E foi essa a opção de Cabo Camata, deputado estadual, candidato derrotado ao Palácio Anchieta e ex-prefeito de Cariacica. As palavras dele, na já longínqua década de 1990, no entanto, não soam tão diferentes da verborragia na linha "bandido bom é bandido morto" exibida em pleno 2019 na mesma Casa. Que o diga o deputado Capitão Assumção, que ofereceu R$ 10 mil a quem matar o suspeito de cometer um assassinato.

Camata levou a retórica às últimas consequências, acusado de vários assassinatos e condenado por contrabando de armas. A postura de "xerife" frente a uma população assustada com a violência urbana, no entanto, fez sucesso. Em 1994, ele disputou o governo do Estado contra nomes já consolidados ou em franca ascensão e chegou ao segundo turno contra Vitor Buaiz (então filiado ao PT).

A eleição foi conturbada. Buaiz venceu com apoio amplo de diversas forças políticas, até de Fernando Henrique Cardoso (PSDB), diante da campanha de Camata, que já havia, inclusive, pertencido aos quadros tucanos.

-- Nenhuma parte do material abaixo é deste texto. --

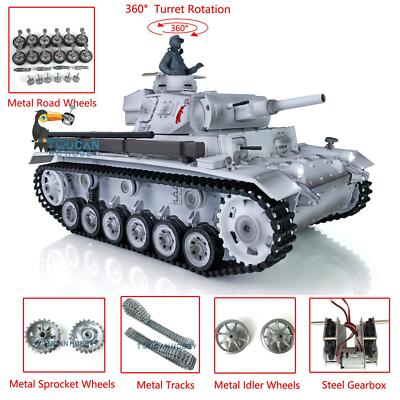 Henglong 1/16 7.0 Customized Panzer III H RTR BB IR RC Tank 3849 Metal Wheels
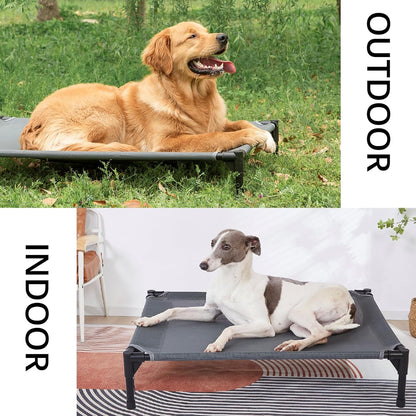 pettycare Elevated Outdoor Dog Bed - Raised Cot for Large Dogs, Heavy Duty Pet Cots Waterproof, Cooling, Washable Breathable Teslin Mesh, Durable, Non Slip, 42 Inches, Grey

Dois anos depois, Cabo Camata elegeu-se prefeito de Cariacica. A gestão foi marcada por denúncias de corrupção e greves. Ele morreu em um acidente de carro, no ano 2000, na BR 101 Norte. 

DISCURSOS

"O cabo Camata surge na política do Espírito Santo como presidente da Associação de Cabos e Soldados da Polícia Militar (e depois foi expulso da corporação), no final dos anos 1980. Teve uma passagem histriônica pela Assembleia, fazia aquelas falas tipo essa do Capitão Assumção", lembra o cientista político João Gualberto Vasconcellos

"A candidatura dele ao governo do Estado era muito improvável, mas cresceu durante a campanha. Fez uma campanha totalmente voltada ao combate à violência e com base no que hoje se chama de fake news. E com pouco dinheiro. Mas as pessoas gostavam de ver o programa eleitoral dele, achavam engraçado", complementa.  

Cabo Camata, quando prefeito de Cariacica, em 2000. (Fabio Vicentini/Arquivo)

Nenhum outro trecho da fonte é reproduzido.